Okay, I get where you’re coming from now. Will have to mull over whether I agree but I am at least no longer feel confused about what the disagreement is about now.
(updated the previous comment with some clearer context-setting)
Thanks, & thanks for putting in your own perspective here. I sympathize with that too; fwiw Vladimir_Nesov’s answer would have satisfied me, because I am sufficiently familiar with what the terms mean. But for someone new to those terms, they are just unexplained jargon, with links to lots of lengthy but difficult to understand writing. (I agree with Richard’s comment nearby). Like, I don’t think Vladimir did anything wrong by giving a jargon-heavy, links-heavy answer instead of saying something like “It may be hard to construct a utility function that supports the latter but rejects the former, but if instead of utility maximization we are doing something like utility-maximization-subject-to-deontological-constraints, it’s easy: just have a constraint that you shouldn’t harm sentient beings. This constraint doesn’t require you to produce more sentient beings, or squeeze existing ones into optimized shapes.” But I predict that this blowup wouldn’t have happened if he had instead said that.

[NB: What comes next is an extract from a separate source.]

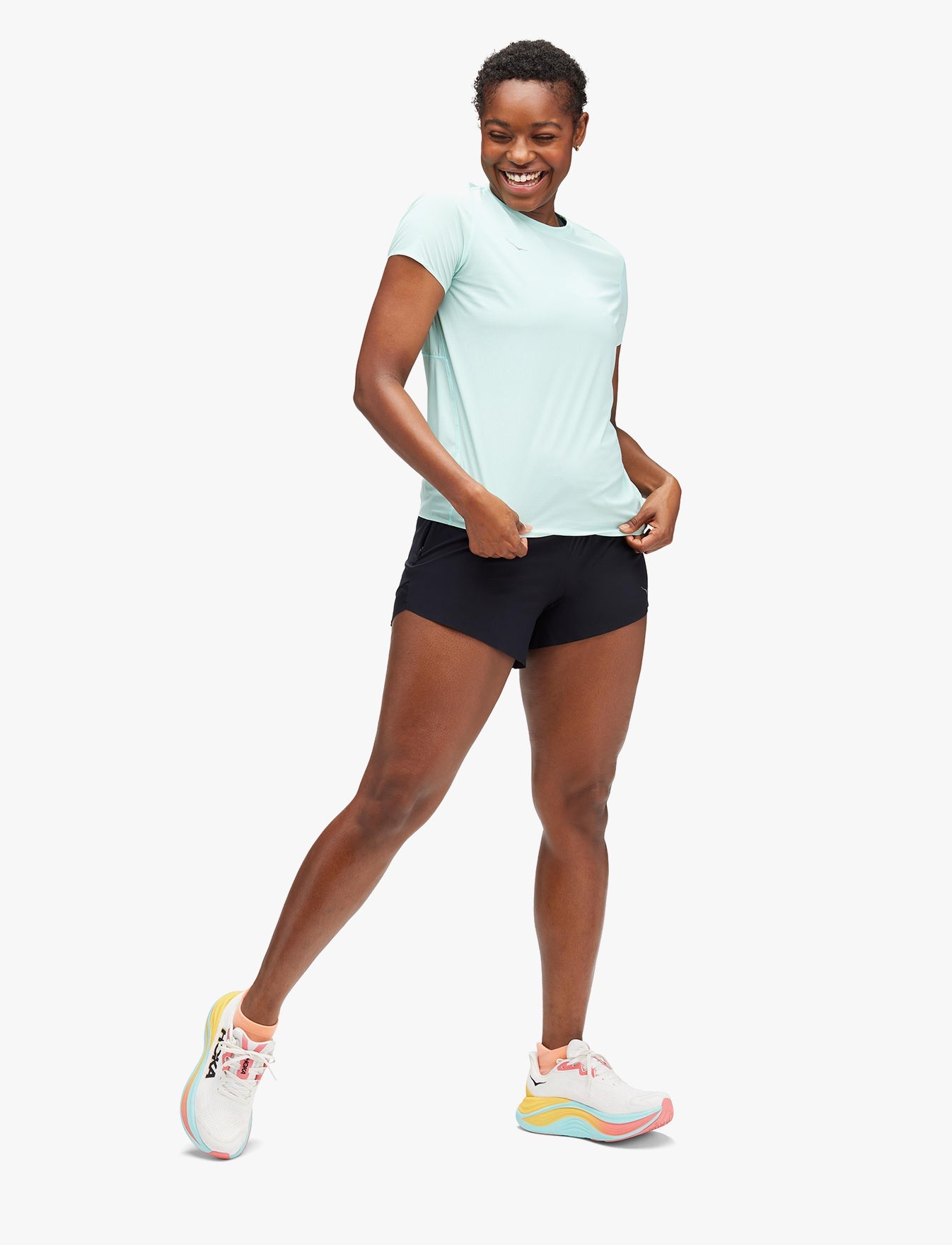 AIROLITE RUN SHORT SLEEVE - חולצת ריצה לנשים טי אירולייט - שרוול קצר בצבע תכלת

I may be misinterpreting things of course, wading in here thinking I can grok what either side was thinking. Open to being corrected!
To be clear I super appreciate you stepping in and trying to see where people were coming from (I think ideally I’d have been doing a better job with that in the first place, but it was kinda hard to do so from inside the conversation)
I found Richard’s explanation about what-was-up-with-Vlad’s comment to be helpful.
Thanks for the insight. After looking into ’Vladimir_Nesov’s background I would tend to agree it was because of some issue with the phrasing of the parent comment that triggered the increasingly odd replies, instead of any substantive confusion.
At the time I gave him the benefit of the doubt in confusing what SEP is, what referencing an entry in encyclopedias mean, what I wanted to convey, etc., but considering there are 1505 seemingly coherent wiki contributions to the account’s credit since 2009, these pretty common usages should not have been difficult to understand.
To be fair, I didn’t consider his possible emotional states nor how my phrasing might be construed as being an attack on his beliefs. Perhaps I’m too used to the more formal STEM culture instead of this new culture that appears to be developing.